Start off by reading a sentence about your passage. After hearing the sentence your students will pick whether they agree, disagree, strongly agree, or strongly disagree. Students can then have a discussion with the people in their corner.
A lot of times, we throw students straight into answering open-ended questions. I love these discussions because they can help students support their own answers in writing later.
My students love this activity because they think they are getting out of writing lengthy responses. This story pyramid starts with a one-word answer at the top, followed by a two-word answer, a three-word answer, and so on. Eventually, students will have an eight word answer that describes how the problem was solved in the story.
Use a T-Chart
I prefer to use T-Charts when comparing information about multiple characters or from multiple texts. I think it gives students more of a purpose and a way to organize information.

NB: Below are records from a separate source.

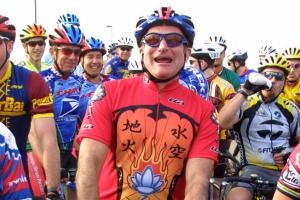 Robin Williams was known for his love of cycling.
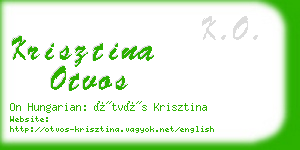 krisztina otvos business card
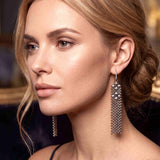 SG Liquid Metal E14-N Chrome Finish Earrings by Sergio Gutierrez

Then, when it is time to answer multiple choice questions, open-ended questions, or begin responding to writing prompts, they have information to fuel their responses.
Visualizing Around the World
After reading together in a small group, you might want to discuss the setting of the story. It is often difficult for our students to visualize where a story took place.
If you are familiar with Around the World or other similar games, this will sound very familiar to you. Your students will take turns telling of things that they “saw” while reading the story. The trick to winning is that you must remember the previous players’ responses.
- Student 1: When we read this story, we saw sand.
- Student 2: When we read this story, we saw sand and a beach chair.
- Student 3: When we read this story, we saw sand, a beach chair, and a bottle of sun screen.
- Student 4: When we read this story, we saw sand, a beach chair, a bottle of sun screen, and the sun.
Students must think of things that they would see within the setting of your story.
Begin by giving your students a 3×5 cards. I like the cards that are blank on both sides.
On one side of the card, I have the students draw a picture from the story. On the other side, we write about the passage. You can adapt this part of the activity to fit the age or writing ability of your students. Maybe they are writing words, phrases, or sentences from or about the story.